KANSAS CITY, Kan. — When my niece was a toddler and her baby sister arrived, the older child was somewhat puzzled that the newborn didn’t have a veil or wear a habit. She had been around Catholic Sisters enough to associate those exterior signs with the concept of sisterhood. That was almost 25 years ago.

As we observe the first-ever National Catholic Sisters Week, March 8-14, it occurred to me that there are children today who may never have had the good fortune of meeting or knowing a Sister. To remedy that loss, those of us who have experienced Sisters can pay tribute to those who have influenced our lives by sharing a story or two with sons and daughters, grandkids, nieces and nephews or other acquaintances. We can help them understand what it means to be a Sister.

Let them know that Sisters are women who have dedicated their lives totally to God. Earthly possessions and stuff aren’t important to them. They focus on the big things like goodness, justice and the dignity of all human beings. They give up marriage and families of their own to be able to give more freely and completely of themselves in service to others. They most typically live in community with other Sisters who share the same values and commitments.

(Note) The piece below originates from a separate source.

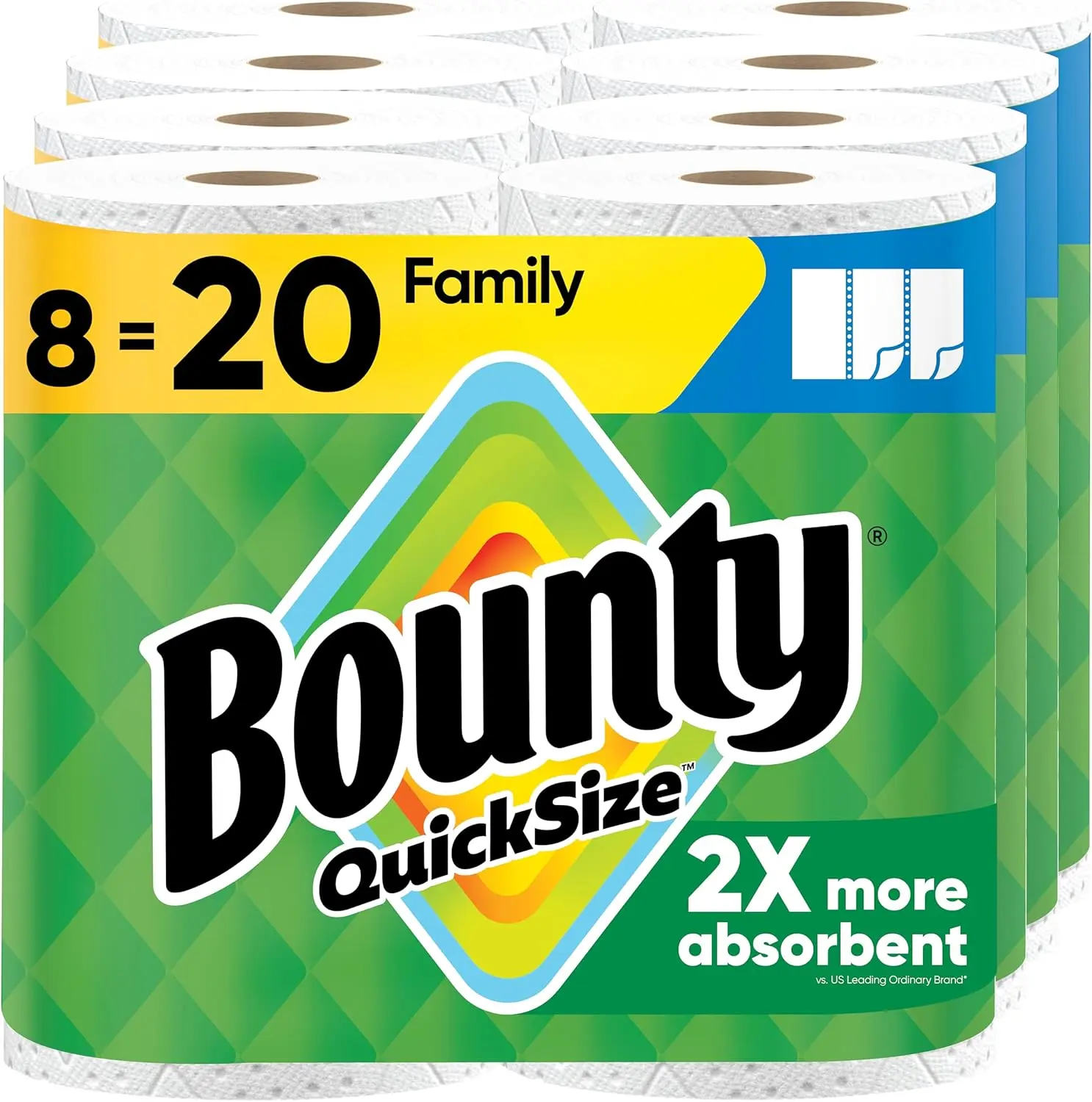 Bounty QuickSize Paper Towels White 8 Family Rolls Equal 20 Regular Rolls 2X More Absorbent Ideal for Household Tasks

Sisters come in different “brands.” They belong to a variety of religious communities or orders, each of which takes on the mission or “charism” of their founders and their founding traditions. For example, in the Archdiocese of Kansas City in Kansas, there are Sisters of Charity of Leavenworth, Little Sisters of the Lamb, Benedictine Sisters, Franciscan Sisters of Our Lady of Perpetual Help and others — all of whom share similarities as Sisters, yet have differences based on their origins and development.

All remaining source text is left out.